Tuesday, August 21, 2012

Dad

I woke in the night crying last night. Not sure what the dream was about really just that Dad was in it. That always starts my day off teary. He is then on my mind the whole day more than usual. Typical days I think about him and wonder what he would have done or said or what silly saying he had to go with what event is going on in our life. I most of all wish that he could have met Paisley. He loved Rowdy so much and I just know that he would have loved her too. He really got a kick out of Rowdy and his shenanigans and would have really loved some of the things that Rowdy has said or done since Dad passed. Sometimes it is so hard not to have him here. I know that it is hard for me and so I cant imagine what my Mom faces daily. I know just last night she said that she missed something in particular so much and she said well I cant really pin point one thing I miss it all.
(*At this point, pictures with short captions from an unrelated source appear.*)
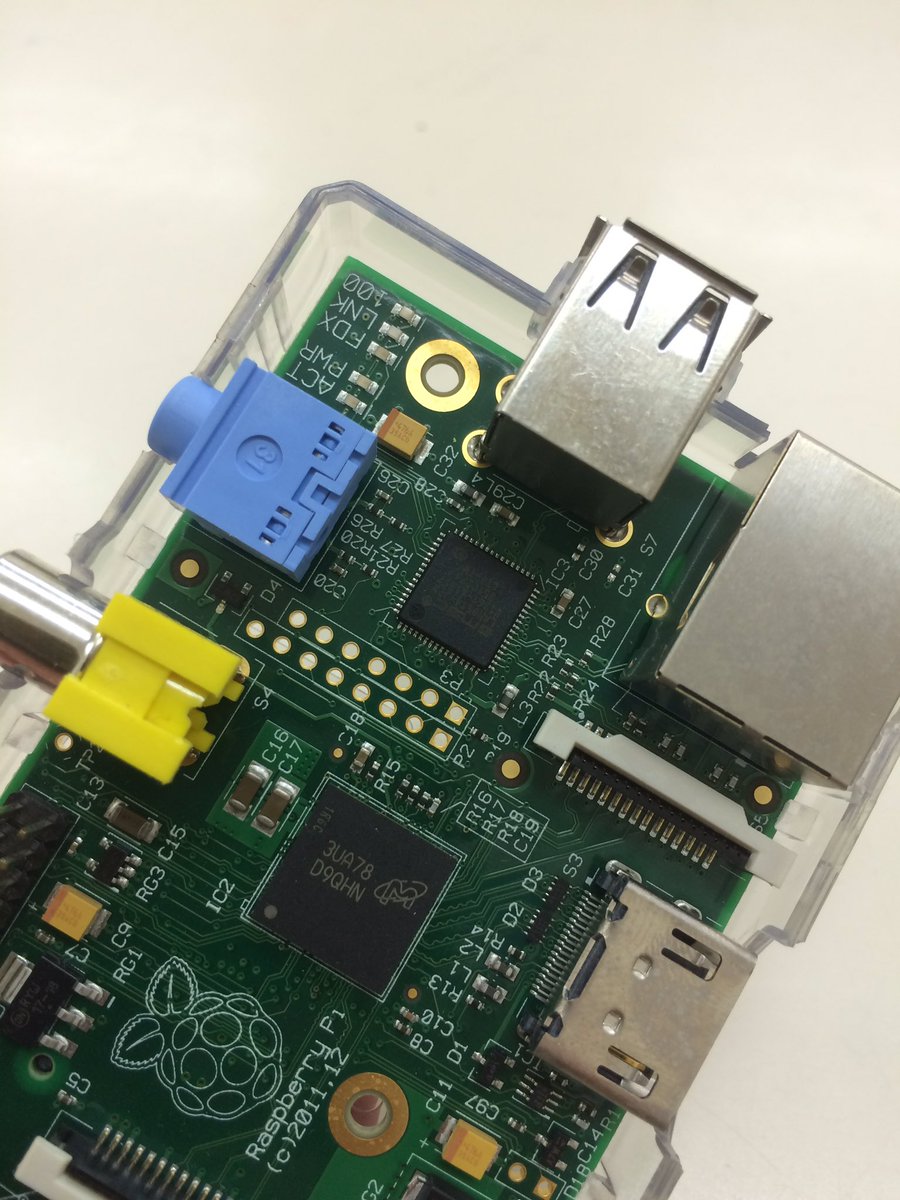 naossan8989's tweet image. 倉庫をあさってたら #raspberrypi1 が発掘されたので #CUPS サーバにできないかと画策中だが USB とか RCA 端子とか出っ張ってんのが気になんよ。とっちゃってよかったっけこれ？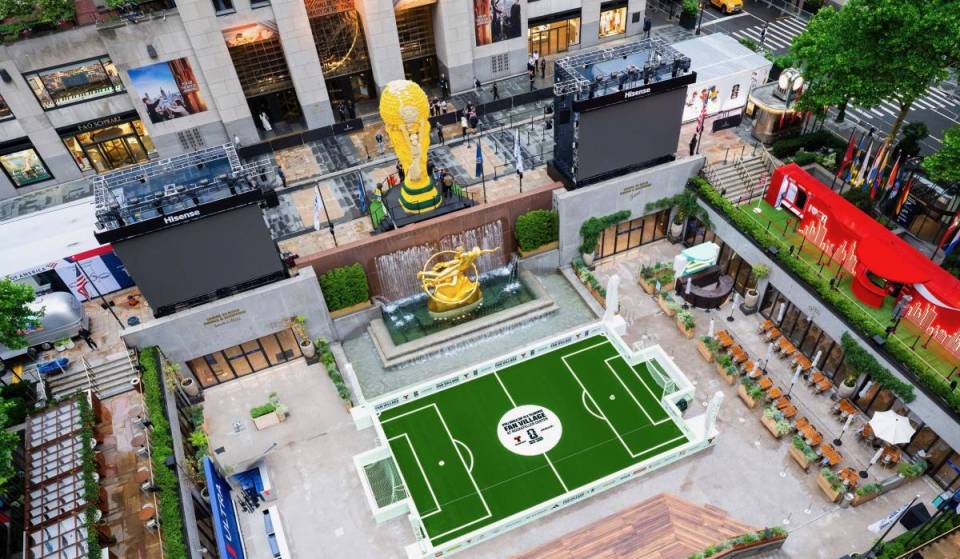 Il Rockefeller Center si è ufficialmente trasformato in un enorme villaggio dei tifosi della Coppa del Mondo fino al 19 luglio — con trasmissioni gratuite delle partite su schermi da 26 piedi, corsi di calcio e serate cinema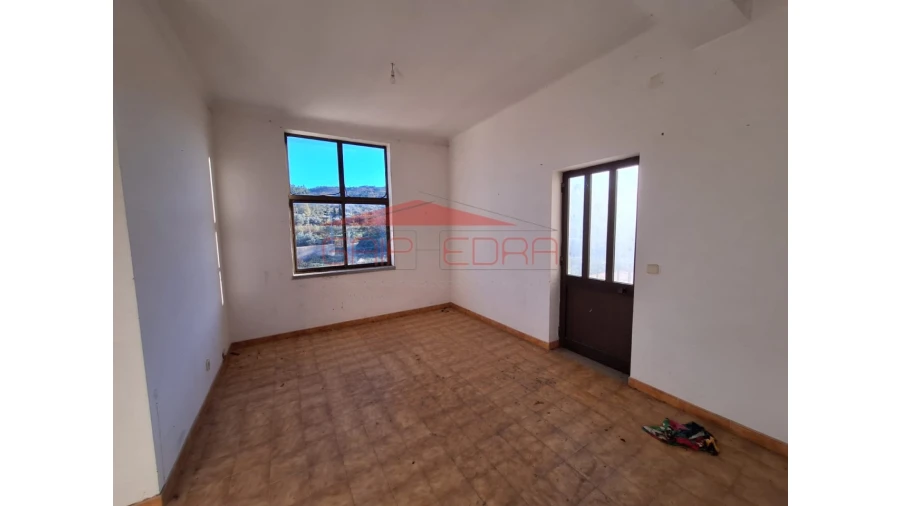 Moradia T4 para Venda em Erada Foto 17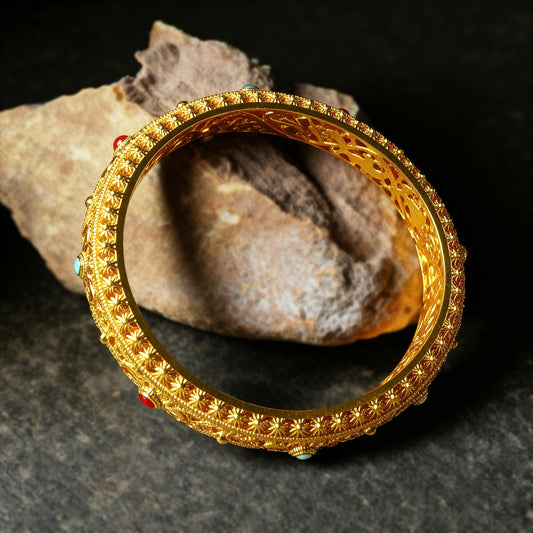 Letlt Dao Vintage Gold Cuff Bangle Hollow Filigree Wealth Bracelet in Gold-Tone Alloy Palace Style Jewelry Gift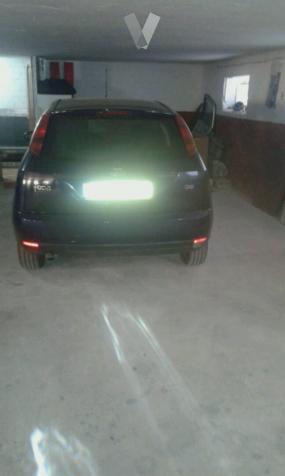 FORD Focus 1.8 TDdi Ghia -02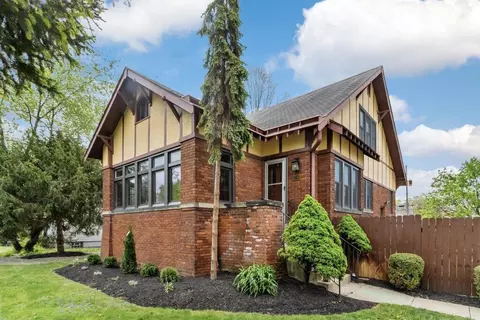 235 Acton Rd, Columbus, OH 43214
Makes me sad for her. She is doing so well when most people would have thought about giving up she is pushing on and making the best of things cause she knows one day she will be with him again.  In the 6 short years that Rowdy knew Dad he sure learned a lot or maybe it runs in the family but I'm leaning towards the first. He says something on occasion and I think I wonder when he heard Dad say that? It will sounds just like what Dad would say. Odd how you know that Heaven is there and you know its better than this place we are at and we long to be in Heaven so that all pain is erased and we will forever praise our Father. But when someone so near you gets there first your anticipation increases and you really long to be there to just so you can be together again. Someday we will all be together again to fall on our knees and worship or Lord and Savior.

Sorry this is run on and jumbly. Hard to type while crying.